Task brief:
Here is the task for the listing below: output exactly the lines from the one containing "Villa for Sale in Benahavís, Malaga 40" through the one containing "15P Big-boob blonde posing", and leave out the pictures.

The input:

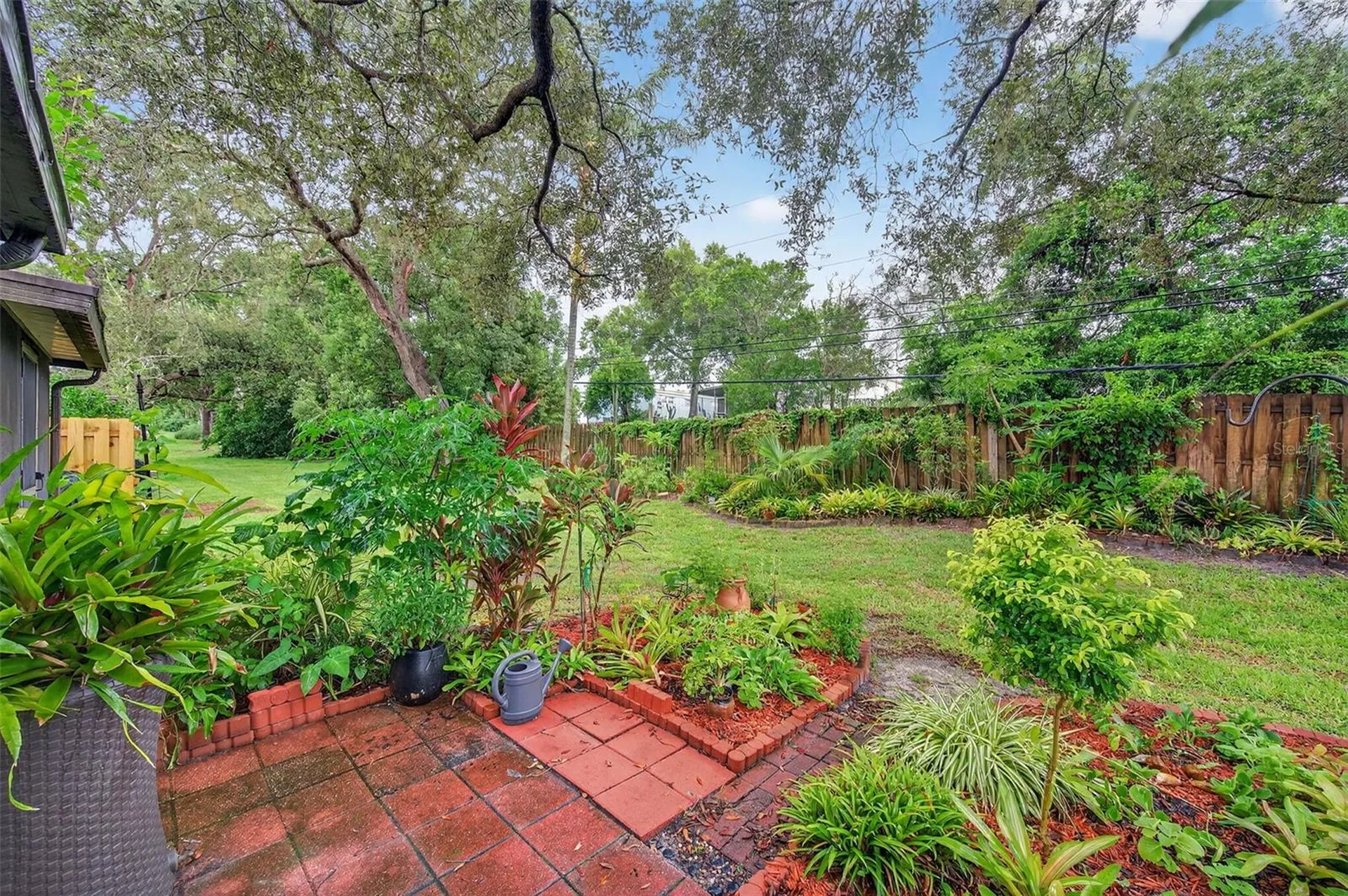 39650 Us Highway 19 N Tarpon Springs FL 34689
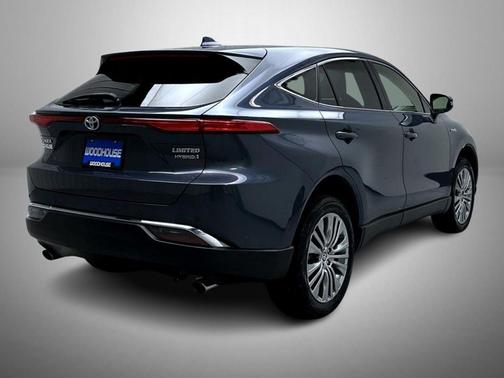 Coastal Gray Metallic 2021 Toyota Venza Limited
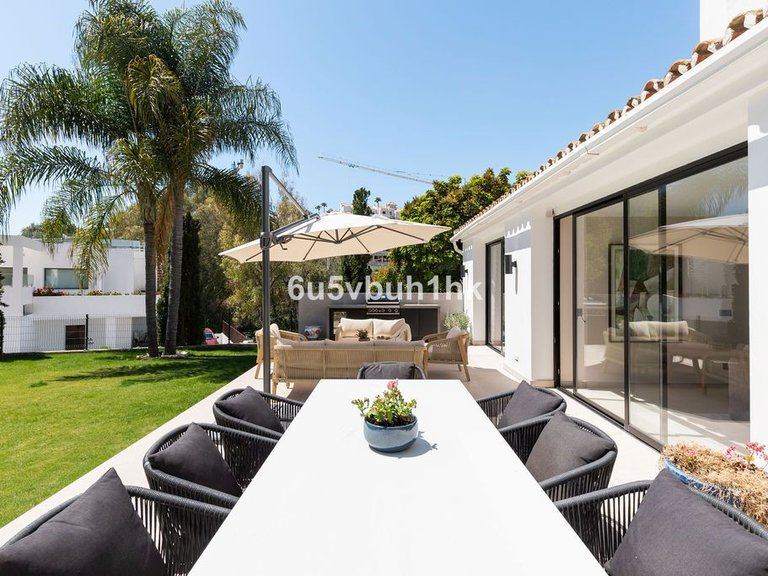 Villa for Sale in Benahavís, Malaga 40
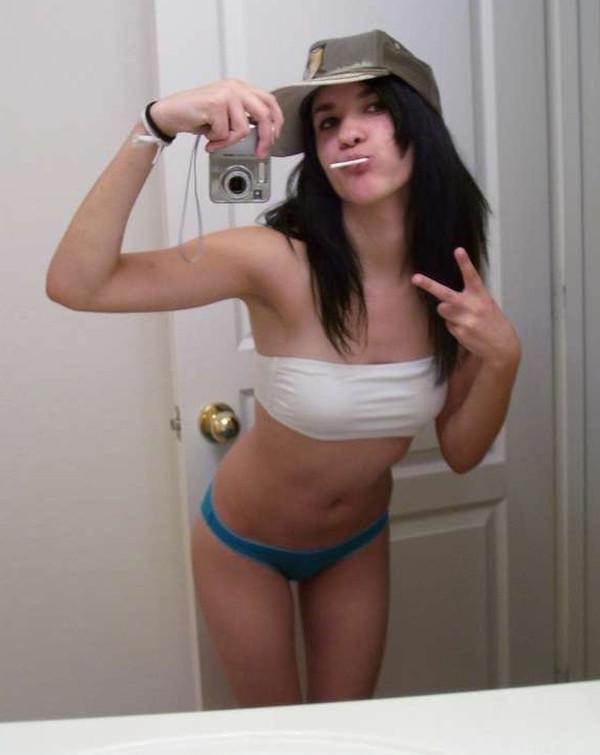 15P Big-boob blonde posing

---

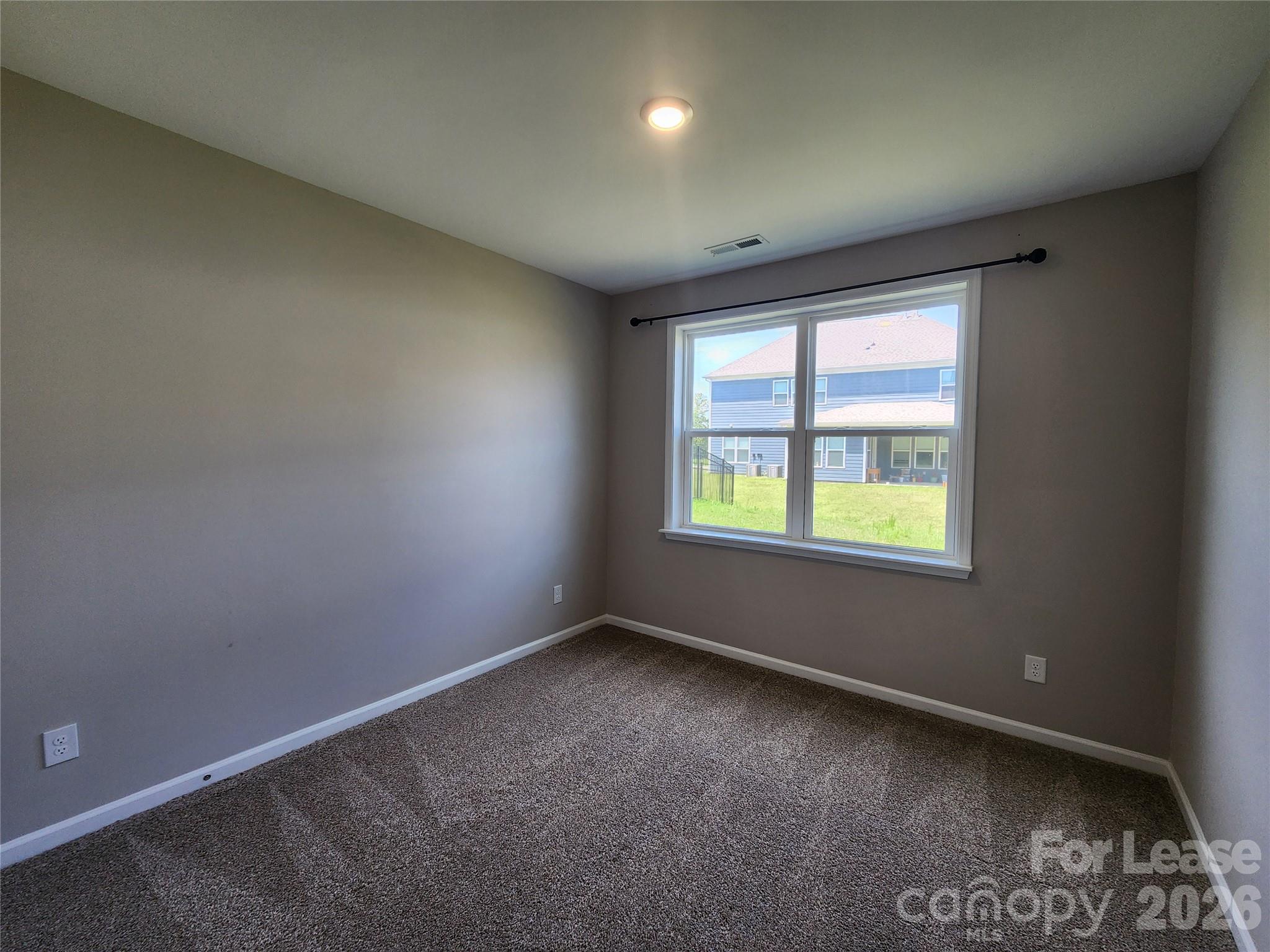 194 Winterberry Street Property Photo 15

* * *

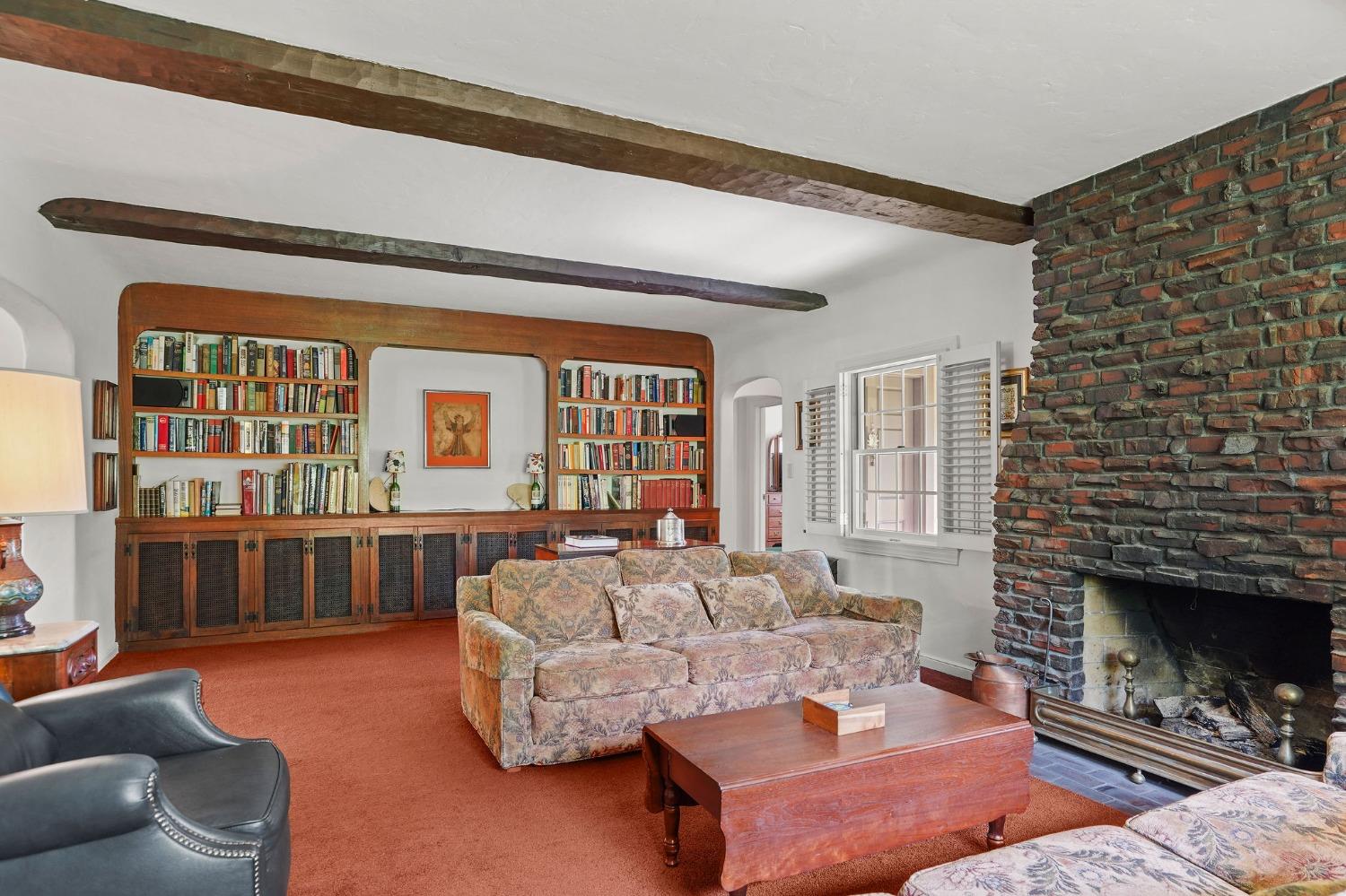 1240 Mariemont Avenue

Answer space:
 Villa for Sale in Benahavís, Malaga 40
 15P Big-boob blonde posing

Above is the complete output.